It looks like most career federal employees will wind up working in retirement, after all — as their own pension fund managers.
Federal employees, for all the challenges they face, enjoy something that is increasingly scarce in the private sector — a guaranteed annuity. Not only are guaranteed retirement streams rare, but guaranteed retirement income with inflation protection — like that in Civil Service Retirement System and Federal Employees Retirement System annuity payments — is even rarer.
There are increasingly frequent and aggressive calls for cuts to the federal budget, and in particular, to federal retirement benefits costs. As a federal employee, you owe it to yourself to recognize and prepare for something your private-sector counterparts already are living with — greater risk.
In days long past, employers, both public and private, recognized that managing assets for retirement income was difficult and best left to experts. They often recognized the value in providing guaranteed retirement benefits, rather than just additional cash compensation.
The system was attractive to employers because it helped to bind their valued employees to them and give them the confidence they needed to devote their full time and effort to their work. The employer bore the burden of helping to fund and competently manage the employees’ pensions fund, but better-than-expected management performance, or luck, could reduce that burden. Remember when we used to hear about “over-funded” pension plans from time to time? That’s one to share with your grandchildren some day.
This pension system worked well through the years after World War II, when falling interest rates and rising investment markets made funding pension plans relatively easy. But all of that has changed over the past decade, and now even the granddaddy of all American pension plans — the federal retirement system — is beginning to show signs of stress. While no one can reliably predict the future of CSRS and FERS, it seems clear that the risk of losing at least some of the benefits they provide is likely.
When it comes to retirement income, this may mean a continuation of something that started with the introduction of FERS and the employee-managed Thrift Savings Plan in the early 1980s: You could be responsible for managing increasing amounts of financial risk in the future.
Are you up to the task?

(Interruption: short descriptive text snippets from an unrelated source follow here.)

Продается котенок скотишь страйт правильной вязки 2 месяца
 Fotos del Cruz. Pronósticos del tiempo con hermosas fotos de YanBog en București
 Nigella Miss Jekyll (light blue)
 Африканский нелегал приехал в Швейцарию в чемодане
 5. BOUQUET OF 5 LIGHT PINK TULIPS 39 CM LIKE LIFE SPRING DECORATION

Get ready. Putting the responsibility for managing money in order to produce predictable, adequate and reliable streams of income over long periods, and protecting that income from the erosive effects of inflation is difficult. I should know: It’s my full-time job.
Asking the average, or even the exceptional, employee to take over the job of pension fund manager is, in my opinion, irresponsible and dangerous. It’s kind of like putting the employee in the cockpit of an airliner and asking him to land it with no training and no autopilot. The likelihood of a catastrophic mistake is huge.
The smart feds who haven’t already done so will begin educating themselves, in earnest, in the science and art of pension fund management. Notice that I didn’t say investing, which is often not the same. We’re not talking about the kind of education that brokerage firms, mutual funds or other purveyors of financial products and services offer. You’ll need to know how to manage money to support a stream of retirement income, which is much more demanding. You’ll have to know how to work backward from the results you want to develop a management approach that will produce those results with a minimum of risk.
Identifying a well-diversified, cost- and risk-efficient asset allocation model, like those used by the TSP’s L Funds, and actively managing your TSP account to support your retirement spending goals is the best way to accomplish this. If you’re not sure how to proceed, you should consider implementing the beginning asset allocation for the L Fund that most closely corresponds to your life expectancy, and rebalancing your account to this allocation at least once per year.
This should support a regular withdrawal stream in retirement of between 4 percent and 6 percent of your beginning account balance, adjusted each year for inflation. While this might not be the best solution possible, it’s better than no sound strategy at all.
Unfortunately, your employer has given you very little support in your assignment as a pension manager, and odds are that your responsibility for this task will only grow in the future.